The ethics of dream engineering and sleep manipulation is a critical public discussion—the mind and body are vulnerable in sleep, and tools to influence dreams can be used for either self-improvement or manipulation. We want to create technologies which are optimized for good, and to do so we need to understand where people’s boundaries and comfort levels lie with regards to sleep and dream hacking. 

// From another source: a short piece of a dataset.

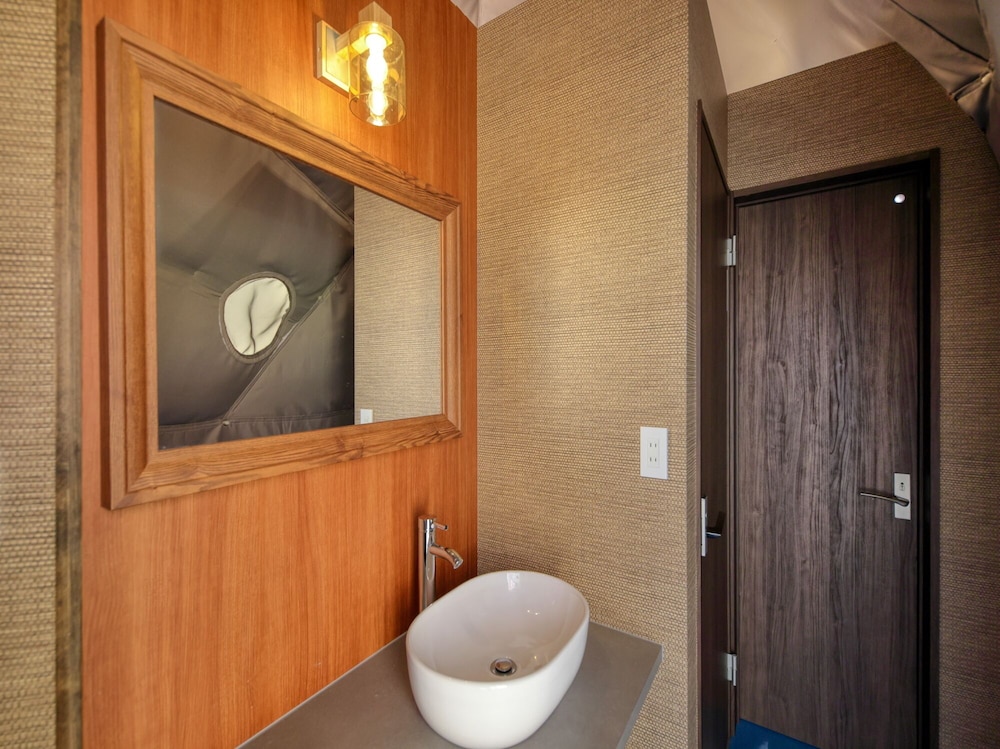 ラグジュアリー テント マウンテンビュー 客室3 | 嶺乃華 Mt.Fuji Glamping Terrace MINENOHANA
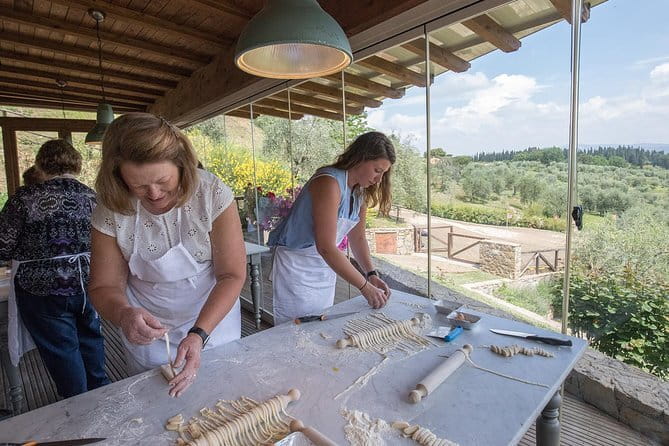 Florence: Cooking Class Pasta & Tiramisu Making Unlimited Wine - A vegetarian menu with practical limits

Therefore, to generate discussion, we created Cocoon, a dystopian video showcasing a fictional programmable dream machine enabled by the synthesis of real work-in-progress prototypes developed at the MIT Media Lab’s Fluid Interfaces Group. As a dreamer descends into sleep, Cocoon tracks three sleep-stages using brain activity, muscle tension, heart rate, and movement data that are revealed through its dome. Cocoon uses ongoing platforms we developed. External stimuli in the form of scent, audio, and muscle stimulation direct the content of the dreams. We use Dormio to detect Hypnagogia, the state between sleep and wake, influencing visual and idea generation using audio. We use Essence to alter the emotional content of dreams and memory consolidation during Rapid Eye Movement (REM) and Deep Sleep. We use Electronight to administer muscle stimulation to arms and legs and change the kinesthetic content of dreams. Crossing boundaries both disciplinary and experiential, Cocoon offers an embodied investigation of one’s own consciousness, a philosophy in the flesh; with it, users can observe and engage the torsion of their senses, see and shape dreams which are otherwise entirely uncontrollable, unlinked, and unseen.